Ronald Thibert : La main de Géricault
Pour sa troisième édition, le symposium d’art multidisciplinaire du CNE reçoit un pilier de l’art monumental, Ronald Thibert.
Impossible de se tromper. Une immense sculpture flanque la porte d’entrée de cette demeure: nous sommes au bon endroit. Accueillant, l’artiste ouvre la porte et nous invite à sa suite. Dans tous les coins de la maison, des oeuvres gigantesques sculptées dans des poutres et d’imposantes pièces de bois font le guet.
Au coeur de l’atelier de Ronald Thibert, aménagé dans le garage, une pièce est en train de naître, dans un nid de poussière et de copeaux baigné par la chaleur d’une lampe articulée. C’est une main encore un peu rustre mais promise à cette finesse dont est capable l’artiste. "C’est inspiré de la dernière oeuvre de Théodore Géricault", explique-t-il en prenant place près d’elle, rappelant ainsi son intérêt pour le travail de celui qui a signé Le Radeau de la méduse. "Quelques jours avant sa mort, il a pris sa main gauche et l’a tracée, un peu comme un enfant ferait, et il en a fait le dessin. C’était sa dernière oeuvre. Mais c’était récurrent. Géricault avait déjà utilisé la main d’Eugène Delacroix, qui était à ce moment-là un jeune peintre et un ami, pour un élément du Radeau de la méduse, peinture avec laquelle j’ai déjà travaillé. Alors cette main-là, d’une certaine façon, j’y reviens."

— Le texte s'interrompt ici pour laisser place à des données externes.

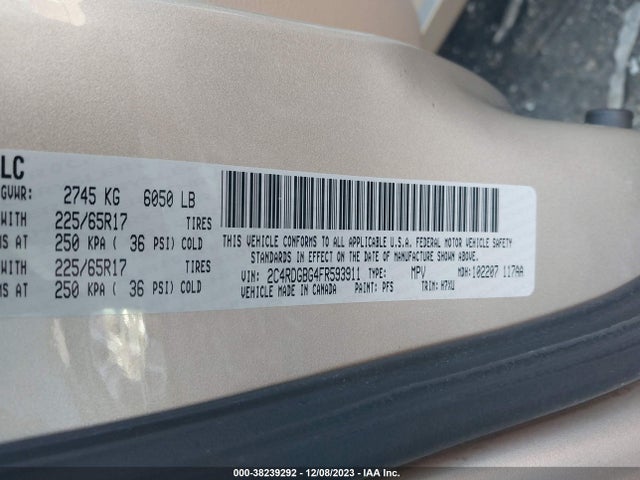 Dodge Grand Caravan Avp/se 2015 2C4RDGBG4FR593911 Image 9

Étrange, sans doute, de voir s’imposer parmi la relève un homme qui en était déjà rendu, de son propre aveu, à penser en termes de rétrospective de carrière. Devra-t-il jouer le rôle de mentor auprès des 26 artistes émergents qui créeront des oeuvres en direct dans le cadre de l’événement La relève sympose? "C’est plutôt l’idée d’un contact, d’une rencontre. Les jeunes ne m’ont pas nécessairement tous connu… En même temps, je trouvais ça intéressant d’être invité. C’est un petit coup de pouce stimulant. Je vais voir ce qui se passe, comment les plus jeunes abordent l’idée d’un symposium…"

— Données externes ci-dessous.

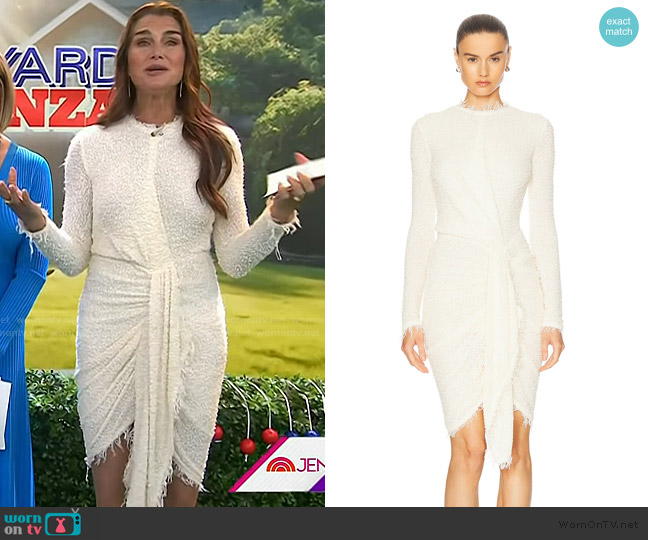 Isabel Marant Ophelie Long-Sleeve Draped Boucle Dress worn by Brooke Shields on Today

Aiguillée par la férule des anecdotes, l’entrevue retracera peu à peu l’histoire récente de l’art au Québec et dans la région: de la Commission d’enquête Rioux sur l’enseignement des arts au Québec à la refonte de la charte de l’organisme Touttout, en passant par la naissance du module des arts de l’UQAC et la création de différents programmes d’enseignement. Toutes ces avenues qu’a empruntées l’art au cours des dernières décennies avaient quelque chose en commun: chaque fois, nous aurons trouvé dans le pavé cette pierre posée par Thibert, engagé depuis toujours… Un engagement qui lui aura joué quelques tours: "Après mon cours classique, j’ai dû aller poursuivre mes études en Angleterre parce que je n’avais pas assez fait de sculpture sur place. J’étais tellement occupé à faire de l’action politique que je prenais un petit peu de raccourcis pour faire les choses plus vite…" avoue-t-il non sans une pointe d’autodérision.

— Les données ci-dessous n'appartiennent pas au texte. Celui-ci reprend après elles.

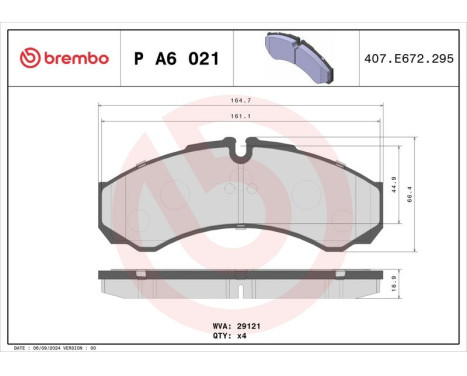 Brake Pad Set, disc brake P A6 021 Brembo, Image 3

Depuis, le sculpteur a su prendre le temps. En témoignent les nombreuses pièces monumentales créées sur son parcours, qui auront demandé beaucoup de soin. Finis, les raccourcis: aujourd’hui, tous les détours sont permis, et le prochain qu’il empruntera le mènera dans cette ambiance toute particulière qui animera le symposium d’art multidisciplinaire, au Centre culturel du Mont-Jacob, où le public est aussi invité à rencontrer les artistes… et à serrer la main de Ronald Thibert.